Tuesday, March 01, 2005

The suicide checkers endgame database

When I computed the suicide checkers 6-piece endgame database, I was in for an unpleasent surprise: My compression program which worked fine for the regular checkers endgame database didn't do a good job at all compressing the suicide checkers database. While the regular 6-piece database is only about 40MB, the suicide 6-piece database is a full 150MB, nearly 4 times larger. Why is this? To understand why it doesn't compress well, you first need to know how the compressor works: it uses a scheme known as "run length encoding" or RLE for short. RLE replaces "runs" of the same value in the database with a pair of values: the length of the run, and the value of the run. If this sounds gibberish, an example might help. Let's say you have a way of enumerating all positions in your database from 1...N. You write down the value for every position and get something like

WWWWWWWWWWDDDDDDDDDDWWWWWWWWWWDDDDDDDDDD....
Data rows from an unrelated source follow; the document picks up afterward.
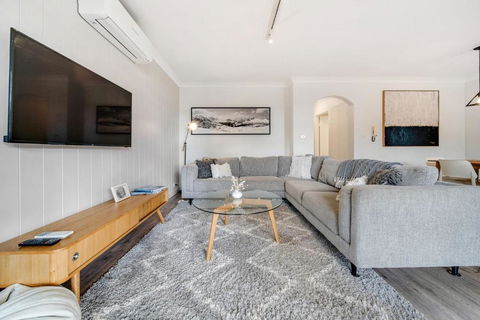 Avalanche 3 - 3BR Apartment L Central Location L Balcony L WiFi - eAccommodation 1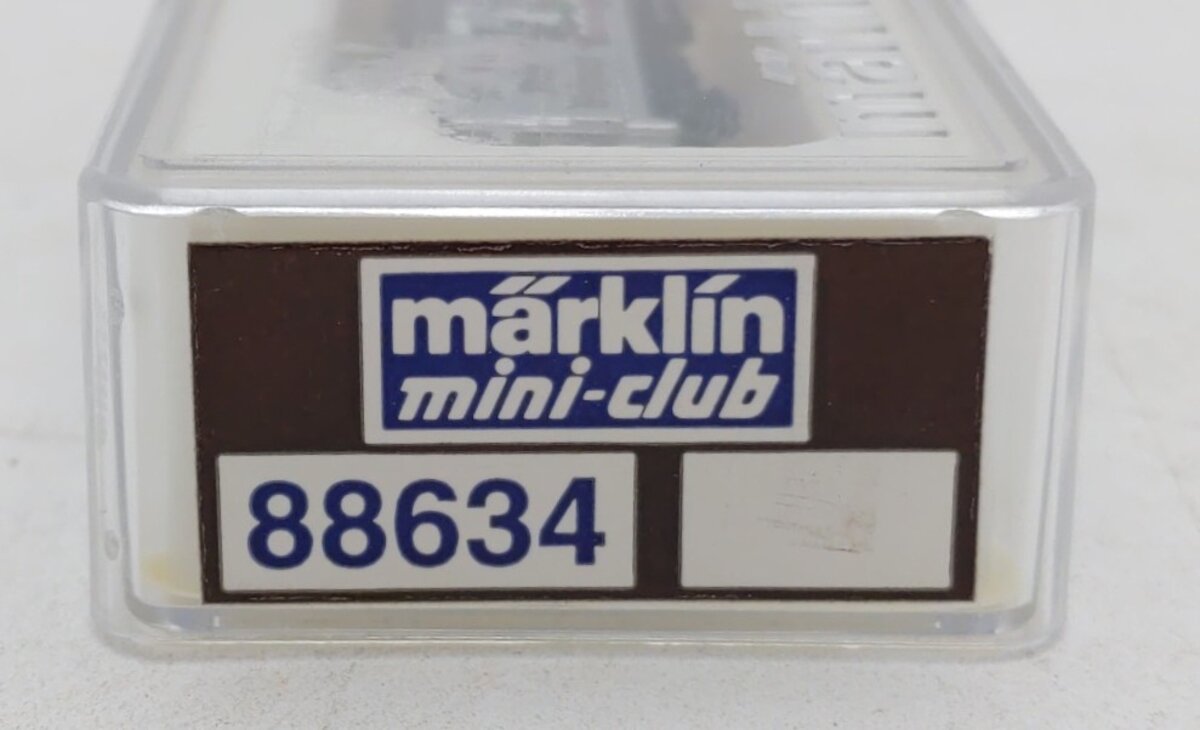 Marklin 88634 Z Scale Mini-Club Christmas Car LN/Box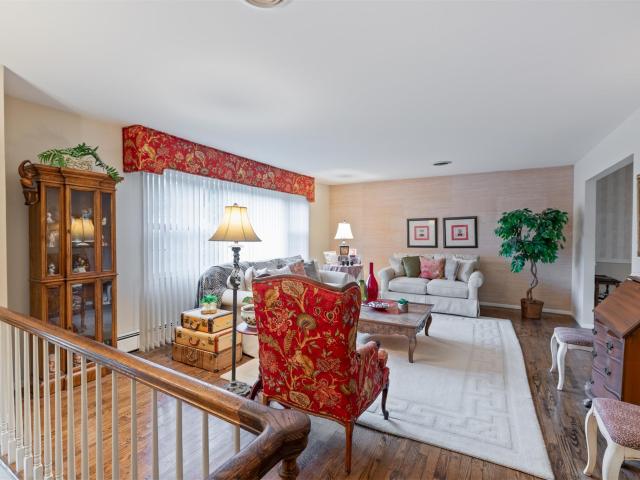 House for sale in Clarkstown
with W a win, D a draw and L a loss - none of them present in the above database. The compressor now works by storing (10,W), (10,D), (10,W), (10,D) instead. In many databases the runs reach amazing lengths, especially in lopsided databases where most positions are just a win for the stronger side. There are of course the positions where one side can capture something, and they usually have more or less random results. For this reason, positions with captures are just removed from the database; your program will have to look one ply deeper and look up the position after the capture. This results in nice compression ratios for regular checkers, the compressed database is approximately 10x smaller than the uncompressed database. Now you can probably guess why the suicide checkers database doesn't compress well: The results in those databases are much less monotonous, and therefore this compression scheme is no longer particularly efficient.
Again, an example might make things clearer: In regular checkers, all positions with 2 vs 1 king are wins for the 2 kings if you remove the positions with a capture, with only one rather pathological exception; red kings on 3 and 12 and a white king on 11, with red to move. Therefore, this database compresses exceptionally well. In suicide checkers, 2 vs 1 king is normally a win for the side with 2 kings, however, if you played through the game I posted yesterday, you can see that in the endgame red could get 2 kings vs 1, but he would lose all the same. Therefore, the 2 vs 1 king database in suicide checkers has wins as well as losses in it, and doesn't compress well. On another note, this also means that the database is more important in suicide checkers than in regular checkers: Obviously, it would be quite difficult to write a heuristic that can guess the likely outcome of the game with 2 vs 1 kings on the board, something which is very simple for regular checkers. And of course for more complicated endgames, it gets even more difficult.

7 comments:

Martin Fierz said...

Thanks for the correction on the 2K-1K regular checkers, george. Once again I show my profound checkers knowledge :-)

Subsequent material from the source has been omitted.